Do they mean same thing OR can an equation have different number of roots and different number of solutions? - Aug 1st 2009, 08:39 AMAlephZero
They are the same...

Unless they specify, in terms of solutions, that they need "real solutions," or "nontrivial solutions," etc. The roots are always the roots, but what is or is not an acceptable "solution" may depend upon how the question is asked.

EDIT: Also to consider: The above discussion presupposes that by "polynomial equation" you mean one that is given in the format $\displaystyle a_nx^n + a_{n-1}x^{n-1} + \ldots + a_1x + a_0 = 0$." - Aug 1st 2009, 08:47 AMyeongil
In my precalc book, if you have a polynomial function f(x), the following are equivalent:

* a root of the polynomial f(x),

* a solution to the polynomial equation f(x) = 0,

* a zero of the polynomial f(x), and

* an x-intercept of the polynomial f(x) (assuming that we're only talking about real roots).

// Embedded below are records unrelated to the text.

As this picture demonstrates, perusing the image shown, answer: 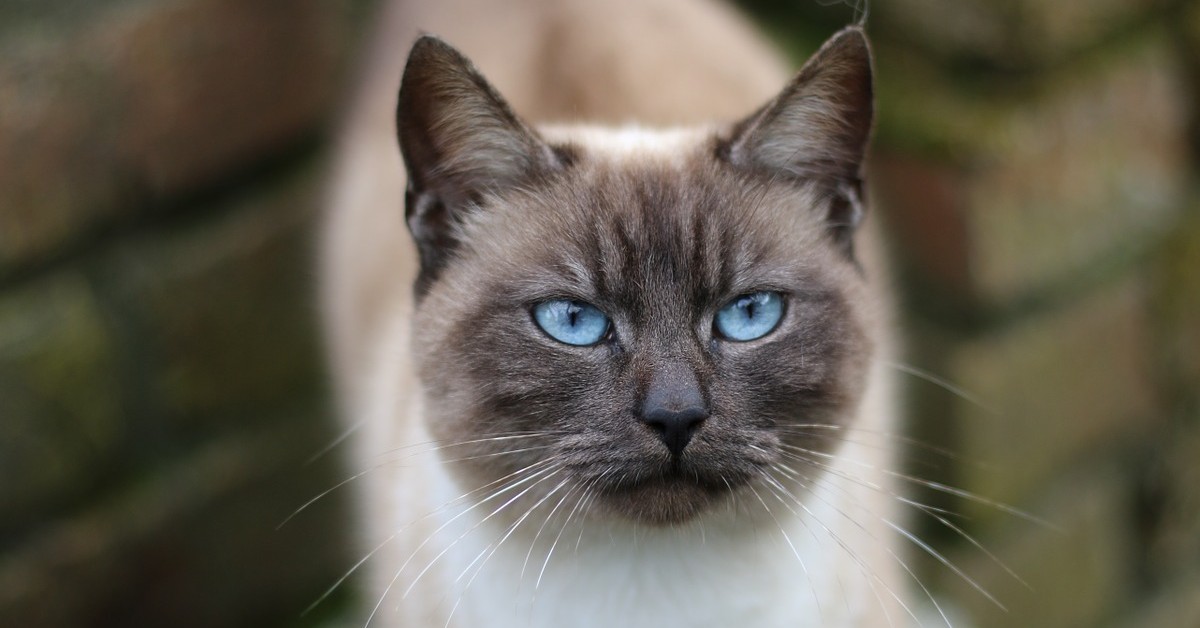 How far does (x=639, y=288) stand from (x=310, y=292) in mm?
1708

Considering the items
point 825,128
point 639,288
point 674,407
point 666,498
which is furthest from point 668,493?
point 825,128

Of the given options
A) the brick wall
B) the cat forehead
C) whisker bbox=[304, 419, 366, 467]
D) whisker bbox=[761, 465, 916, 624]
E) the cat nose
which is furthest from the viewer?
the brick wall

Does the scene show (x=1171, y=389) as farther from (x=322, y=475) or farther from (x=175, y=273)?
(x=175, y=273)

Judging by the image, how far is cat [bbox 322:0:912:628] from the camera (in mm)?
1426

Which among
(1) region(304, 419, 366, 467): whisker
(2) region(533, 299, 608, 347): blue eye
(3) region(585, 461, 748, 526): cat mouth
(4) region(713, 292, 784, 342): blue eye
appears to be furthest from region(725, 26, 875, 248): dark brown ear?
(1) region(304, 419, 366, 467): whisker

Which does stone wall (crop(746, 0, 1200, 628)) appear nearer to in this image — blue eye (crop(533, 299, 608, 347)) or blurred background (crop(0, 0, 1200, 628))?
blurred background (crop(0, 0, 1200, 628))

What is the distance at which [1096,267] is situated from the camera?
2.64m

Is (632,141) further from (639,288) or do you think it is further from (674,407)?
(674,407)

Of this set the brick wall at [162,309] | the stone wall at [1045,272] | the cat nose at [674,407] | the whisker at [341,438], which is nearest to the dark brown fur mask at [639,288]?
the cat nose at [674,407]

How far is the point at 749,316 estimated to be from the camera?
1491 millimetres

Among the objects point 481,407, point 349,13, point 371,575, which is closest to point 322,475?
point 371,575

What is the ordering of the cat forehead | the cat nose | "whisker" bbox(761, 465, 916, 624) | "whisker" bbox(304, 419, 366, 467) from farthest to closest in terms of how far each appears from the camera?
1. "whisker" bbox(304, 419, 366, 467)
2. the cat forehead
3. "whisker" bbox(761, 465, 916, 624)
4. the cat nose

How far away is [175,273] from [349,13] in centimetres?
85

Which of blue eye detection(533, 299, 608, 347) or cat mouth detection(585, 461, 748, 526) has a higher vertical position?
blue eye detection(533, 299, 608, 347) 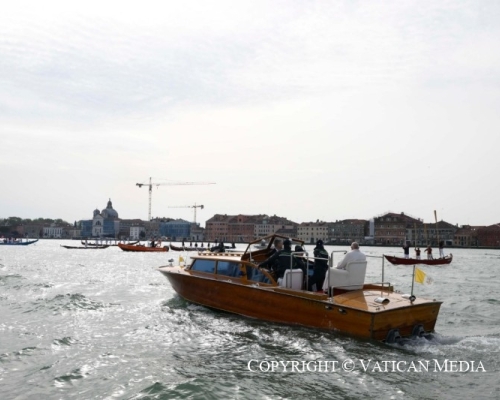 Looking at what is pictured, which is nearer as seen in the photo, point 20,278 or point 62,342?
point 62,342

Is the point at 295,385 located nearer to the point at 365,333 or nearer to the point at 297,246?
the point at 365,333

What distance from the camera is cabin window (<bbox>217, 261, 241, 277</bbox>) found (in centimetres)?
1335

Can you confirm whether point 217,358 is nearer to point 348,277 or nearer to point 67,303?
point 348,277

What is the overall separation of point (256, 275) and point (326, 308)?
8.72 ft

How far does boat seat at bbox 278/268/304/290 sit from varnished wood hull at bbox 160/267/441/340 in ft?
0.90

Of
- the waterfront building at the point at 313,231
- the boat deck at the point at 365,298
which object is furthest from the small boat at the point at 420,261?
the waterfront building at the point at 313,231

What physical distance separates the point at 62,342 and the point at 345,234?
18234cm

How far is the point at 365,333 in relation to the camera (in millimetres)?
9789

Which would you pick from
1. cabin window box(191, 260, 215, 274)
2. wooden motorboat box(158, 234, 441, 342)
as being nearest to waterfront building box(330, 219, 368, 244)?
cabin window box(191, 260, 215, 274)

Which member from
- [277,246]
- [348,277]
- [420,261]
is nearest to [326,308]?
[348,277]

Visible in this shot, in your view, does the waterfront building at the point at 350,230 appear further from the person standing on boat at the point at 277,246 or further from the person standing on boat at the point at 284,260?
the person standing on boat at the point at 284,260

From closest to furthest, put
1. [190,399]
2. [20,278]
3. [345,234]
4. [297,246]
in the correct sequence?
[190,399], [297,246], [20,278], [345,234]

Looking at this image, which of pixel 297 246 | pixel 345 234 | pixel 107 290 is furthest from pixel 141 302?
pixel 345 234

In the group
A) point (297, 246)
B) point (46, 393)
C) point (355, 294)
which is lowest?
point (46, 393) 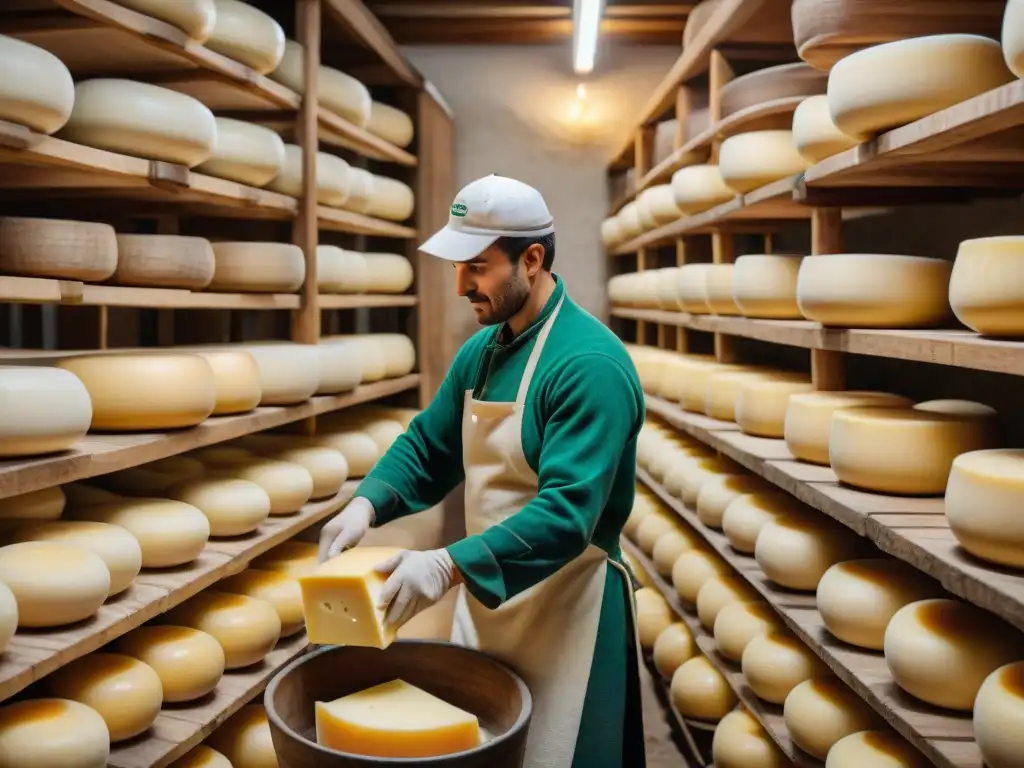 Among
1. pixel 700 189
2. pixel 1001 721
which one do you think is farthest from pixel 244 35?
pixel 1001 721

01 - Aug 1st 2009, 08:51 AMVonNemo19
I agree with Aleph, because the differences between the two are subtle at best. A solution is finding the values in an equation that satisyfy the given condition, and finding roots generally implies finding the zeros (a type of solution) that satisfy the given conditions. I would maybe say that the word "solution" is a bit more broad than "root".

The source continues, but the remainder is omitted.